À l‘ouverture de la sixième Conférence nationale du handicap, Emmanuel Macron a vanté la « révolution silencieuse » qu’il avait menée pour faciliter l’inclusion d’enfants handicapés à l’école. Et de mettre en avant son bilan : 430 000 élèves aujourd’hui dans les classes contre seulement 134 000 en 2004. Mais derrière ce chiffre se cache une réalité moins brillante dénoncée à la fois, en avril dernier, par le Comité européen des droits sociaux du Conseil de l’Europe mais également dans un rapport remis l’an hier par la Défenseure des droits qui notait que « la difficulté principale porte sur l’accompagnement humain qui repose sur les accompagnants des élèves en situation de handicap (AESH) ». Car bien souvent on embauche des AESH, généralement des femmes, à temps partiel, sans aucune expérience et sans toujours leur donner la possibilité de suivre une formation, ni d’être reconnues comme des professionnelles de plein droit. Si on ajoute à cela qu’elles sont payées au lance-pierres, on comprendra que la situation soit nettement moins rose que celle décrite par le Président de la République. 

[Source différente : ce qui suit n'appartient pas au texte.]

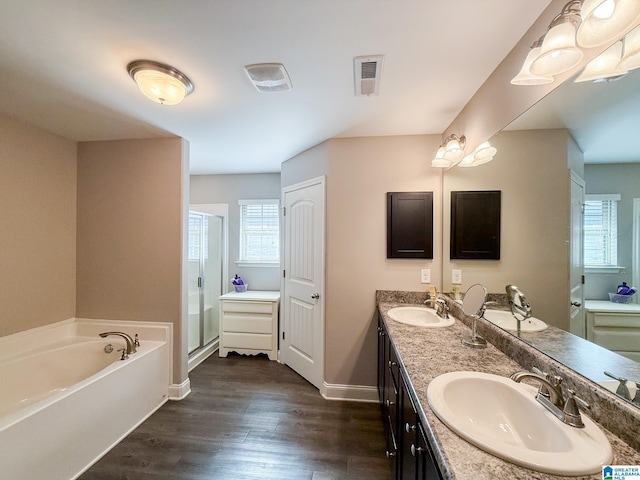 bathroom with hardwood / wood-style flooring, vanity, and separate shower and tub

Mostafa Amer Sabah, un adolescent palestinien de 16 ans, a été abattu par l’armée israélienne dans le village de Teqoa. Il faisait partie d’un groupe de jeunes qui jetaient des pierres sur les soldats qui avaient pénétré dans leur village. À ces jets de cailloux l’armée d’occupation a répondu par des grenades lacrymogènes et des tirs à balles réelles. Et d’invoquer, bien sûr, la « légitime défense ».

C’est Mediapart qui le révèle. Depuis 2019, pas moins de 77 mosquées ont été l’objet d’attaques plus ou moins graves. Un bilan lié à l’islamophobie galopante entretenue à la fois par le gouvernement, la droite et l’extrême droite, l’influence croissante des idées racistes sur une partie notable de la population, mais aussi la sous-estimation chronique de ces attaques par les autorités. Un exemple parmi d’autres : le tir contre la mosquée de Bayonne le 28 octobre 2019 qui fit deux blessés. Bien que l’auteur ait été un ancien candidat du Front national, la police refusa de considérer son geste comme un attentat. Les choses auraient-elles été différentes si à la place d’un calibre 9 mm il avait brandi une casserole ?

L’ancienne ministre de François Hollande, Cécile Duflot, devenue directrice générale d’Oxfam France, vient de proposer de plafonner le salaire des grands patrons à 40 000 euros par mois, soit près de 500 000 euros par an. Elle a fait cette déclaration à la suite de la publication d’un rapport de son organisation basé sur une étude sur les salaires, menée dans les 100 plus grandes entreprises françaises cotées en Bourse. D’où il ressort que la rémunération des grands patrons serait en moyenne 97 fois plus élevée que celle de leurs salariés en 2021, alors qu’elle l’était « seulement » 64 fois plus en 2011. Et de poursuivre : « Leurs PDG ont augmenté leur rémunération de 66 % tandis que celle des salari·é·s n’a augmenté que de 21 % et le Smic de 14 %. » Bref, ils s’en mettent plein les poches sur le travail des autres. Et Cécile Duflot de préciser cependant : « L’écart que propose Oxfam, c’est un écart de 1 à 20. Ce n’est vraiment pas très révolutionnaire. » On s’en était aperçu.

Pour interdire les casserolades et les manifestations anti-Macron, les préfets fondent leur décision sur un article L226-1 du Code de la sécurité intérieure mis en place pour « renforcer la lutte contre le terrorisme ». Alors, évidemment, qualifier de « terroristes » ceux qui brandissent des casseroles, des pancartes ou se font entendre avec des slogans, des sifflets ou des cornes de brume est un léger « détournement de procédure », comme le reconnait sans détour le ministère de l’Intérieur. Donc la consigne n’est pas de faire cesser ces interdictions (faut pas rêver) mais de les motiver plus solidement sur d’autres articles du Code afin de que les arrêtés ne soient ni cassés, ni suspendus. On fait confiance aux juristes de la place Beauvau pour trouver la parade et permettre aux préfets de continuer d’interdire et aux policiers de continuer de cogner.